TASK DESCRIPTION. What you write should be the line containing "Giraffe falling" followed by every line after it to the end of the listing, exactly as given, and nothing more.

RECORDS FOR THIS EXERCISE.
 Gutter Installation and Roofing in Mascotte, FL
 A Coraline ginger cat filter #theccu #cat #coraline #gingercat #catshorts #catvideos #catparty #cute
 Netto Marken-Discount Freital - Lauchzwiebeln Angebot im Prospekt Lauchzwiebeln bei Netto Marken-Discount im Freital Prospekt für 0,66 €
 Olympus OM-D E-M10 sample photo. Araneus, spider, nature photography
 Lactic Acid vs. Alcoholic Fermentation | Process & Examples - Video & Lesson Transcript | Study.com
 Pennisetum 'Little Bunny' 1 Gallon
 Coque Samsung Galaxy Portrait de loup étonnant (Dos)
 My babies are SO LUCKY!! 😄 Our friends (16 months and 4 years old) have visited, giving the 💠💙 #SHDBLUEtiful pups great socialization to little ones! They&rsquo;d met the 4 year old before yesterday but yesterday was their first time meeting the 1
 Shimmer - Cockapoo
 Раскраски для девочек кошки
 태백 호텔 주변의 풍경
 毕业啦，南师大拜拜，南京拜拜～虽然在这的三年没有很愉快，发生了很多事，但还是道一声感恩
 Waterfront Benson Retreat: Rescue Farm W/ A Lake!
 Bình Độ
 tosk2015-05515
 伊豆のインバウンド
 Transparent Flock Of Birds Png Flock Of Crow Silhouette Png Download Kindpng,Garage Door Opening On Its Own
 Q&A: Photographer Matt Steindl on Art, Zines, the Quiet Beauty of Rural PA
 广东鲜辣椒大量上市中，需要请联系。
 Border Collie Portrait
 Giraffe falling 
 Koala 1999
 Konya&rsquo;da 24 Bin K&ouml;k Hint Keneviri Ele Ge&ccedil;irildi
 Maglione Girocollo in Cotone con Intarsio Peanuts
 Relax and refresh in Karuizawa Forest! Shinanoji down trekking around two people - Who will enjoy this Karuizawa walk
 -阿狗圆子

TASK SOLUTION.
 Giraffe falling 
 Koala 1999
 Konya&rsquo;da 24 Bin K&ouml;k Hint Keneviri Ele Ge&ccedil;irildi
 Maglione Girocollo in Cotone con Intarsio Peanuts
 Relax and refresh in Karuizawa Forest! Shinanoji down trekking around two people - Who will enjoy this Karuizawa walk
 -阿狗圆子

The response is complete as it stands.